Hello, I am new to the forum and hope someone can help me on this issue. I am currently doing a partial restoration on a 1964 Le Mans 2dr Post Coupe. I am wanting to replace the rear chrome bumper as it isn't in the greatest shape, and it's also slightly bent on the drivers side and doesn't line up evenly like the passenger side. I have a friend who has a nice chrome rear bumper from a 1965 Le Mans and compared to the 64' rear bumper, they both look the same. Can I use a 65' rear bumper for my 64' Le Mans? Thank you


----------



## Goat Roper (Oct 28, 2014)

GIA1964 said:


> Hello, I am new to the forum and hope someone can help me on this issue. I am currently doing a partial restoration on a 1964 Le Mans 2dr Post Coupe. I am wanting to replace the rear chrome bumper as it isn't in the greatest shape, and it's also slightly bent on the drivers side and doesn't line up evenly like the passenger side.
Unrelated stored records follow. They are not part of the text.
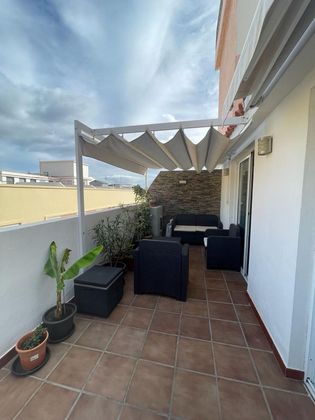 Foto 2 de Àtic en venda a Salamanca - Uruguay - Las Mimosas de 3 habitacions amb terrassa i garatge
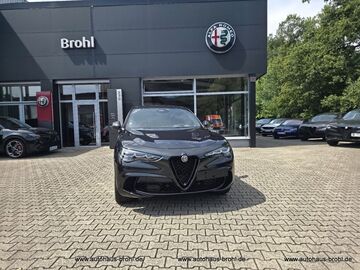 Gebrauchte Alfa Romeo Stelvio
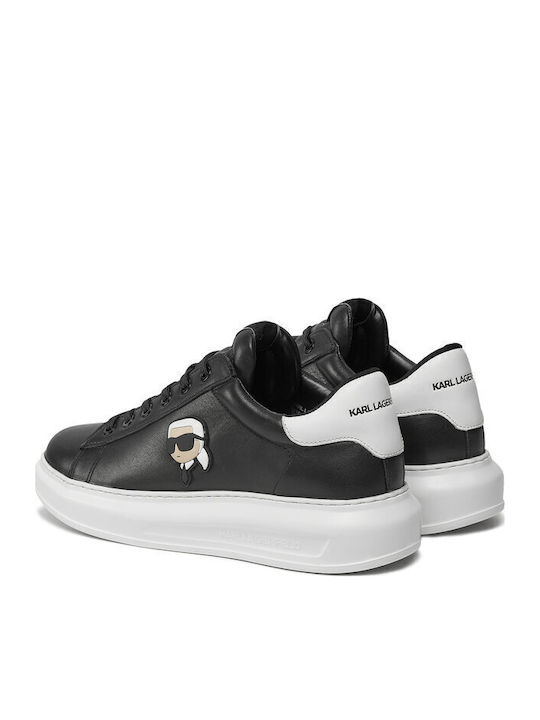 Kapri Men's Sneakers Black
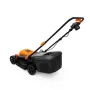 Газонокосарка GTM 230V, 1000W, 32см, висота 20–60мм, 30л (LM-C3216A)
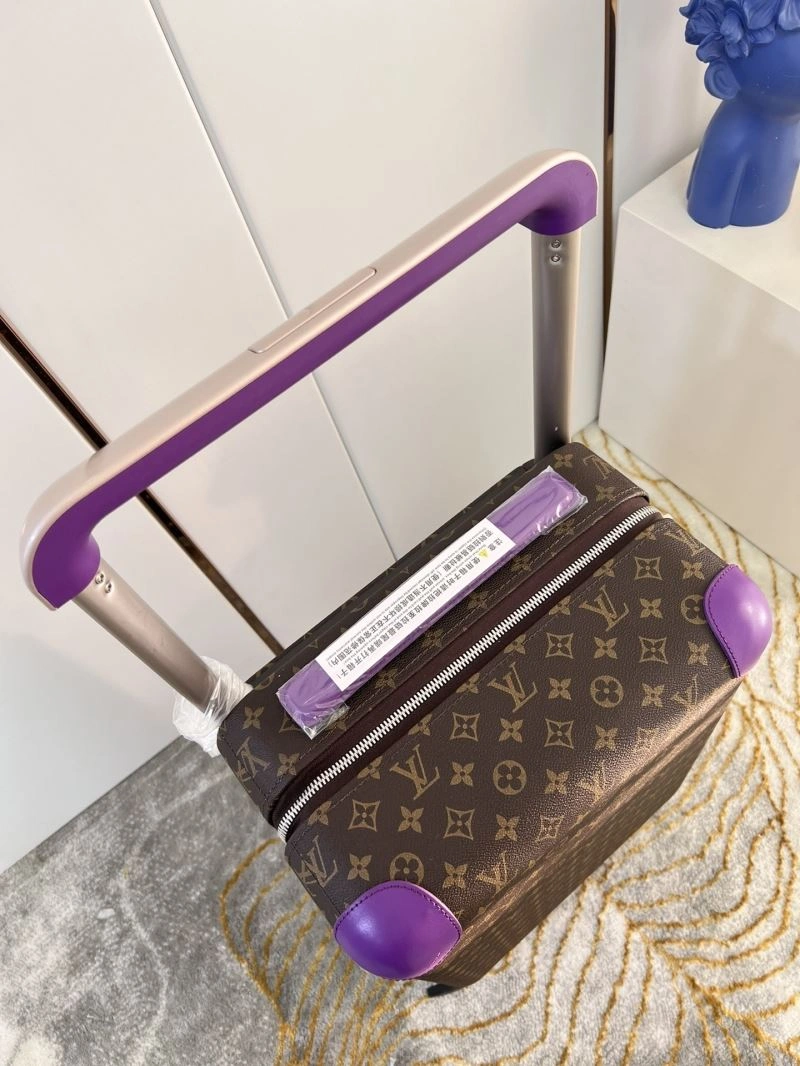 Upgraded Louis Vuitton Suitcase 65241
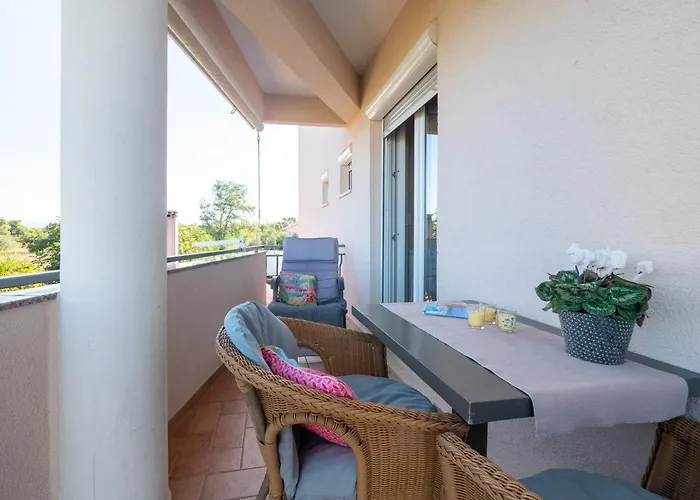 דירה Apartments Zaton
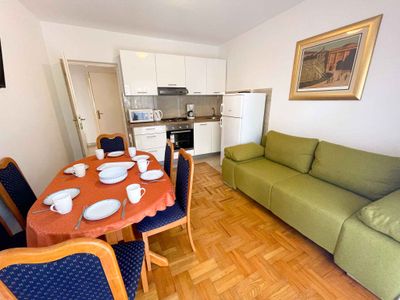 Ferienwohnung für 6 Personen (60 m²) in Jadranovo 9/10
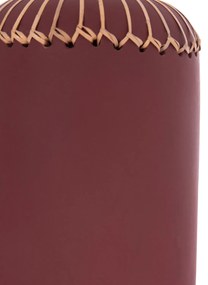 ΕΠΙΤΡΑΠΕΖΙΟ ΔΙΑΚΟΣΜΗΤΙΚΟ ΒΑΖΟ LENNOX HM4675.06S TΕΡΑΚΟΤΑ ΣΕ ΒΥΣΣΙΝΙ--Φ18x33Υεκ. (1 Τεμμάχια)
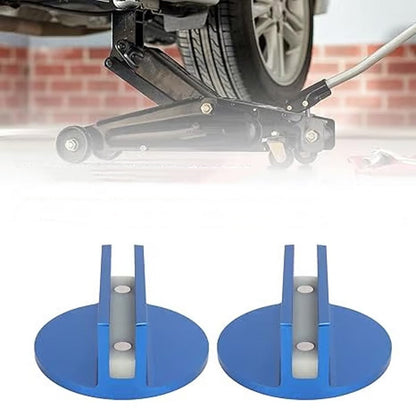 Magnetisk adapter för golvdomkraft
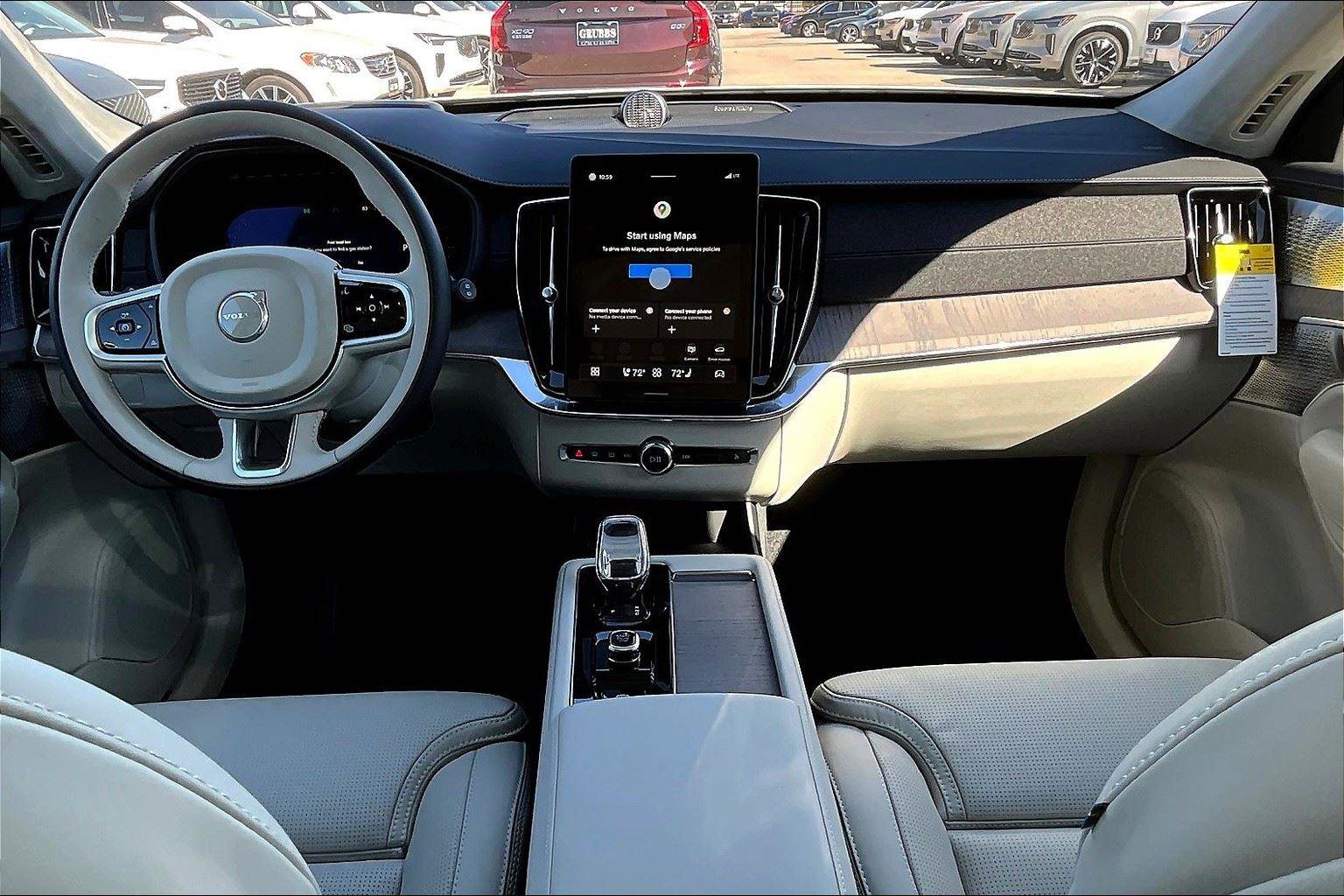 New 2026 Volvo XC90 B6 Ultra image 5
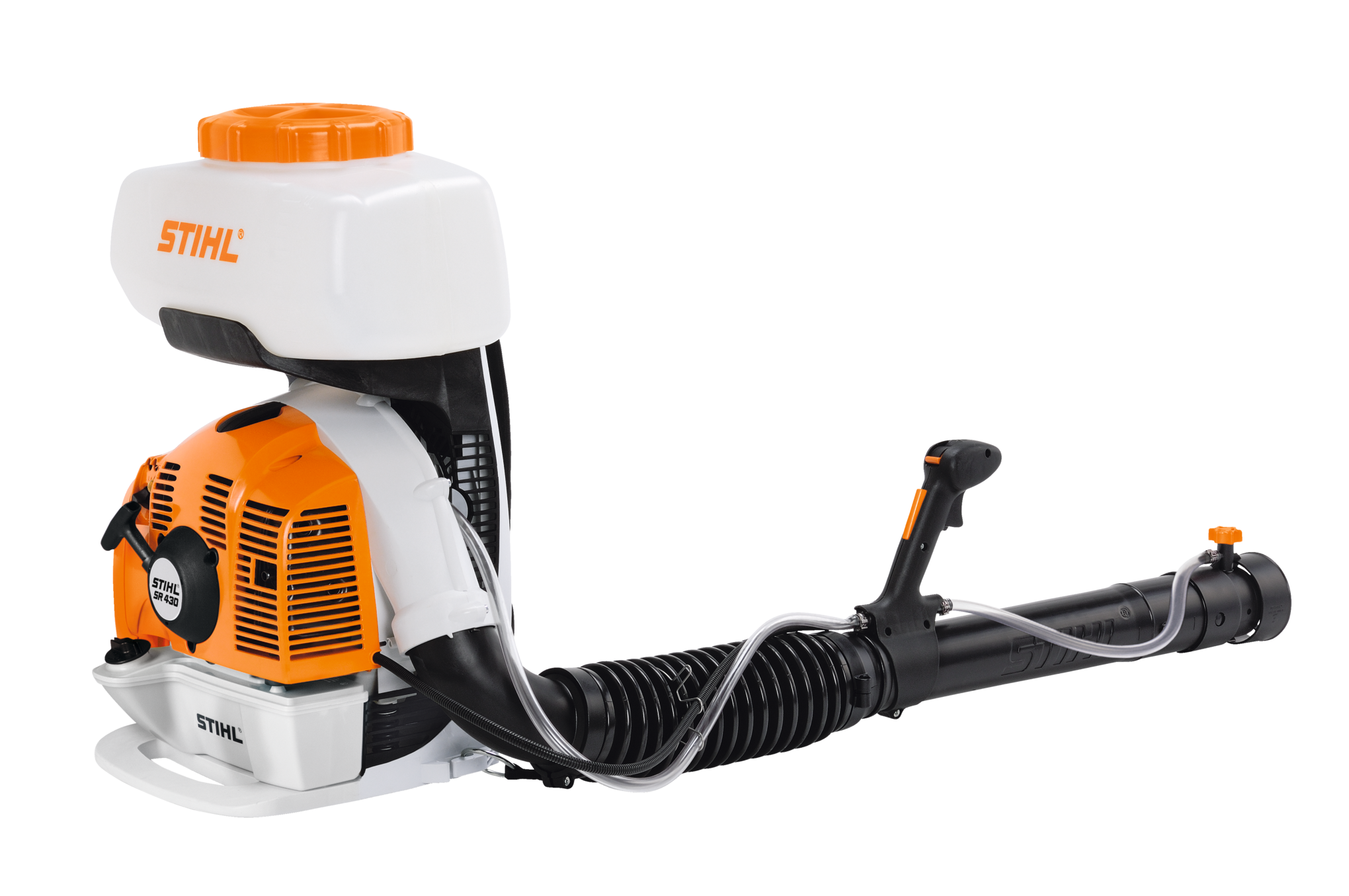 STIHL SR 430 Benzinmotoros permetező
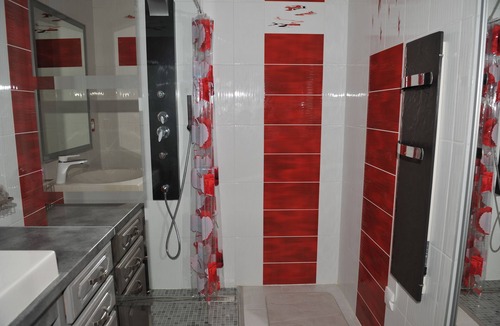 Saujon Apartment | Charming furnished with jacuzzi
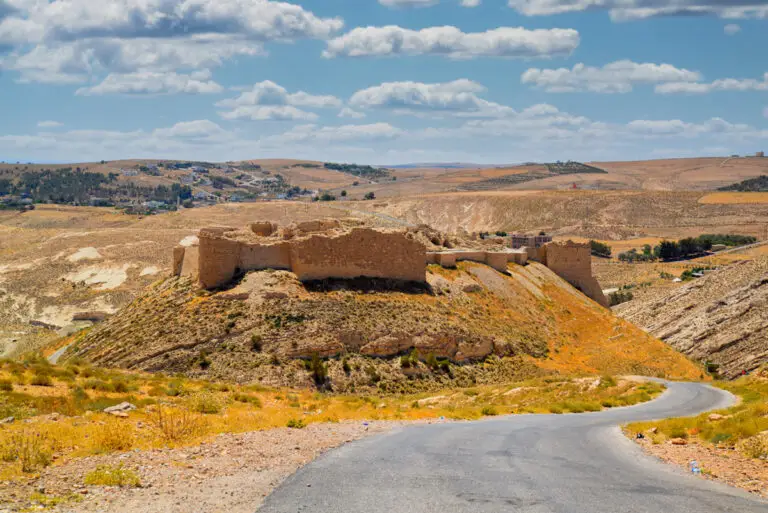 Shobak Castle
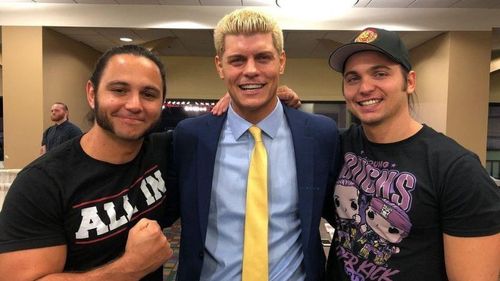 AEW's weekly show is expected to start in October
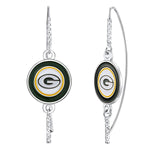 Gamedays Gear NFL Fish Hook Earrings E013 - 1012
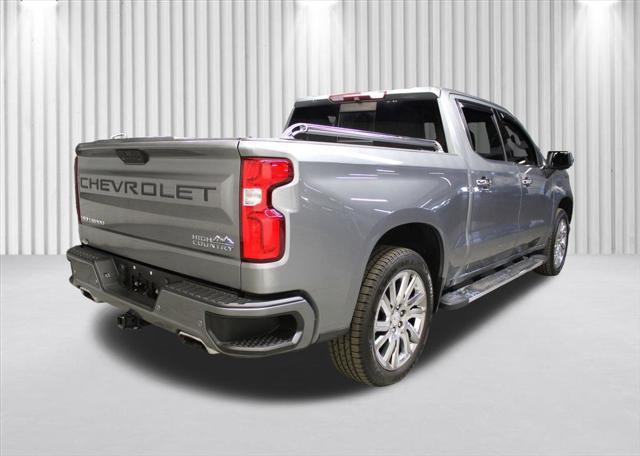 2019 Chevrolet Silverado 1500 High Country 2019 Chevrolet Silverado 1500 High Country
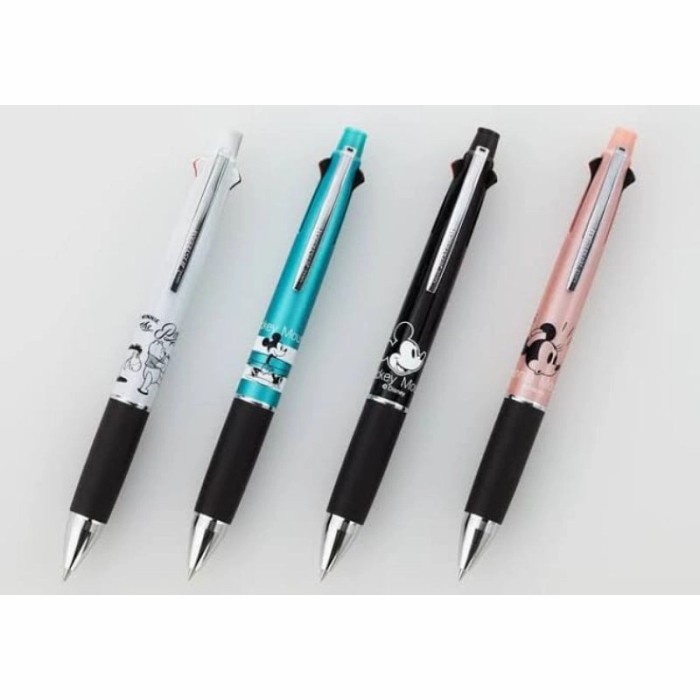 

UNI Jetstream 4&1 Disney Series Color, multi-pen 0.5mm+pencil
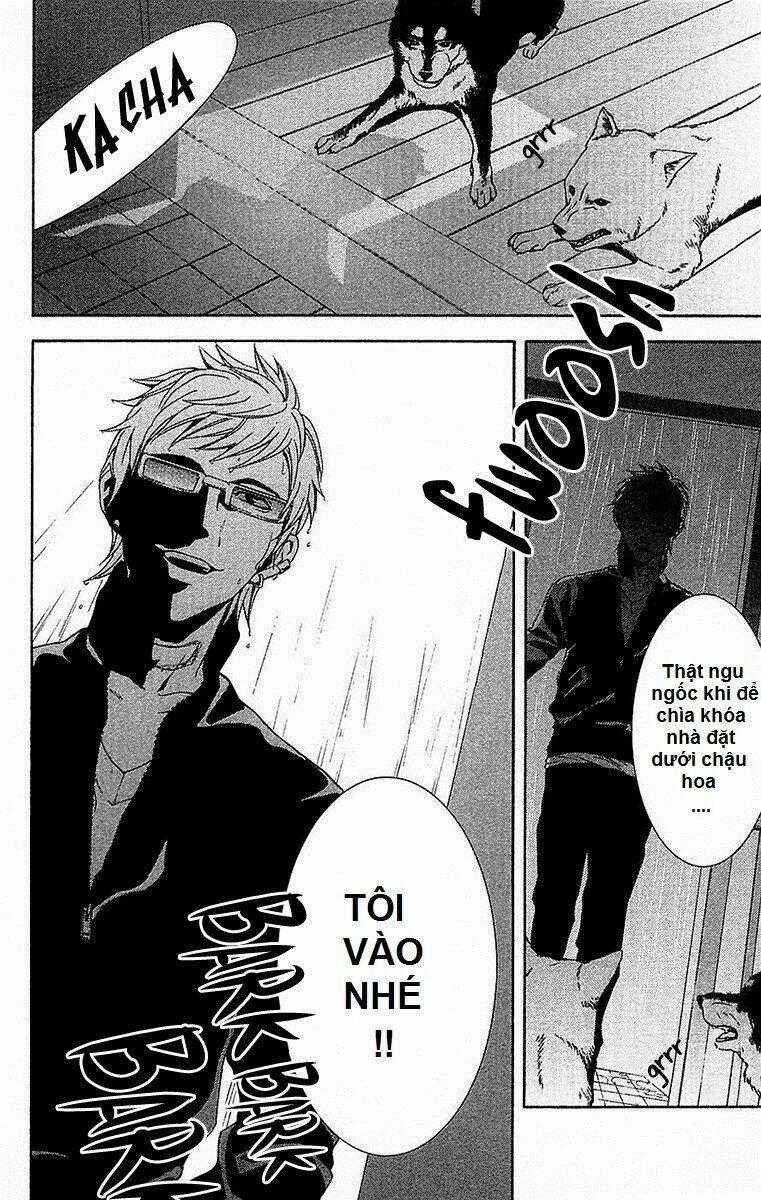 Mayonaka No Ariadone Chapter 9 trang 38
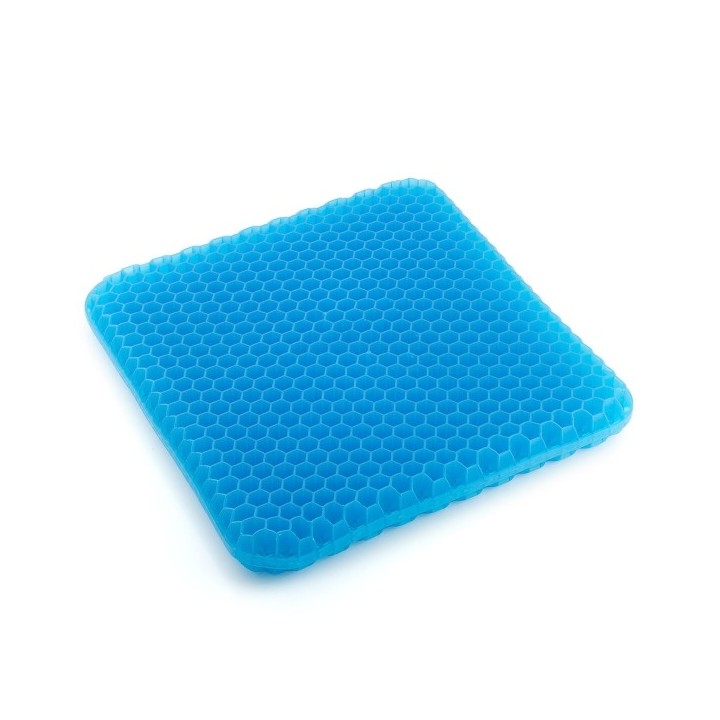 Coussin en Gel nid d´Abeille Hexafresh InnovaGoods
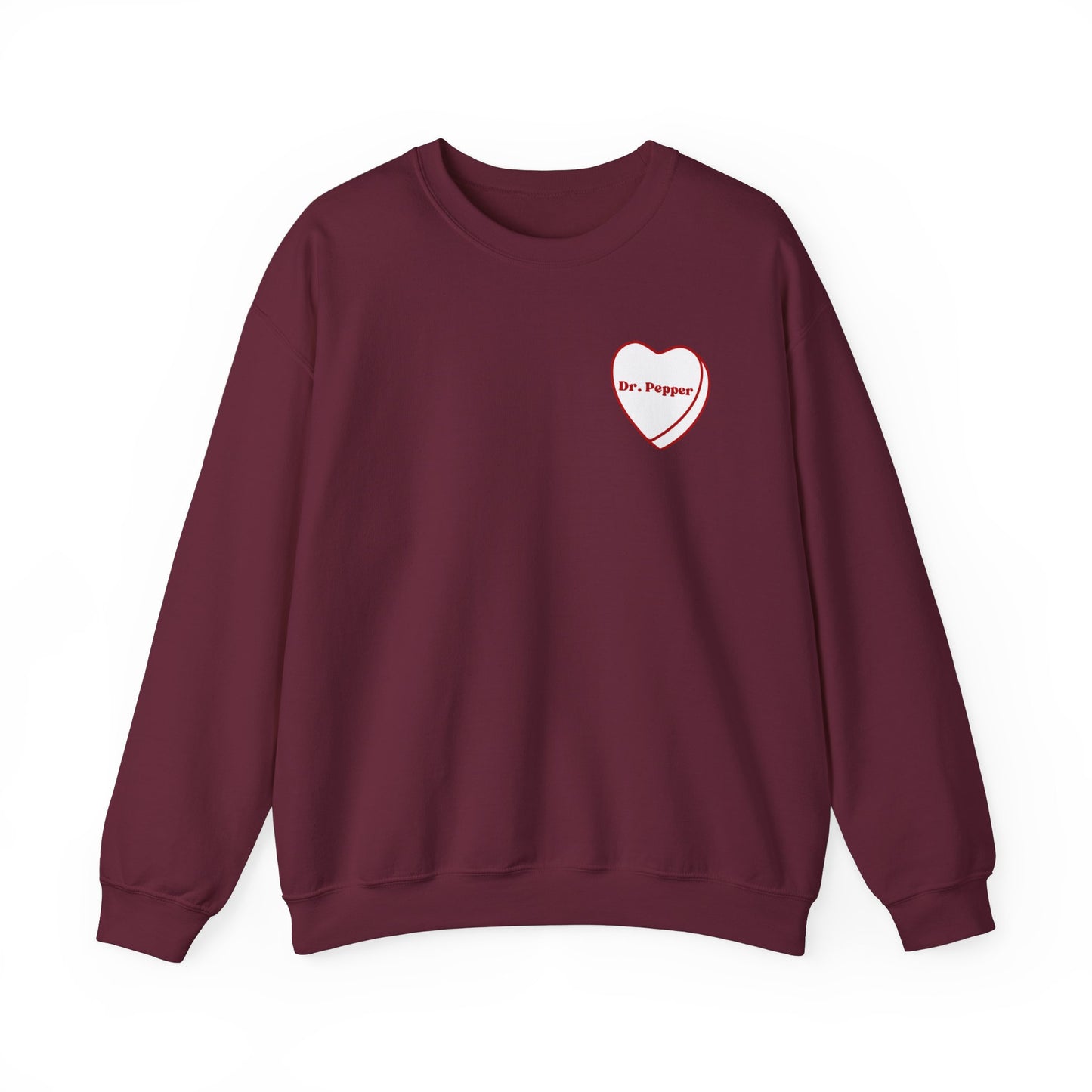 Dr. Pepper Love Sweatshirt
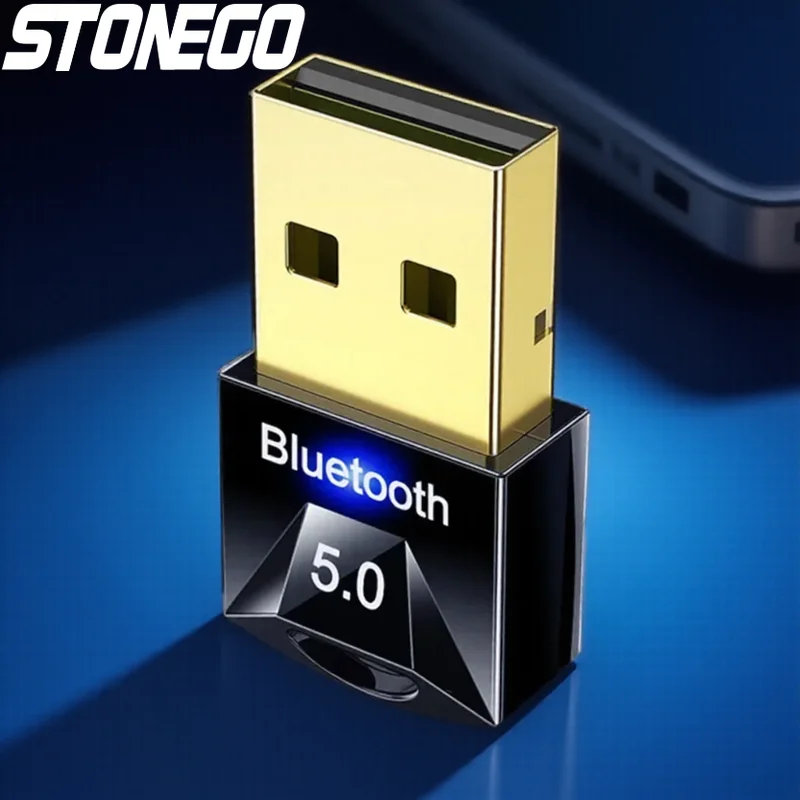 

Bluetooth 5,0 USB-адаптер для ПК, беспроводная мышь, динамик, Bluetooth-аудиоприемник, передатчик aptX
I have a friend who has a nice chrome rear bumper from a 1965 Le Mans and compared to the 64' rear bumper, they both look the same. Can I use a 65' rear bumper for my 64' Le Mans? Thank you


According to this site they are interchangeable.

LEMANS/GTO


----------



## Roger that (Feb 6, 2010)

The 64 to 65 bumper might look the same to you but I can spot the wrong year bumper on a car very easily. The wrong year bumper might fit but I would think you would have some large gaps. Study the bumpers and you will start seeing different things about them.


----------



## GIA1964 (Nov 16, 2014)

I can see the difference between the two, as the 65' Lemans/GTO rear tail panel sticks out a little further than a 64' does. So, there would be a gap issue there! Thanks for the input!


----------



## geeteeohguy (Feb 2, 2008)

Easy enough to get your original bumper straightened and re-chromed. About $400 in my neck of the woods, and excellent results, too.


----------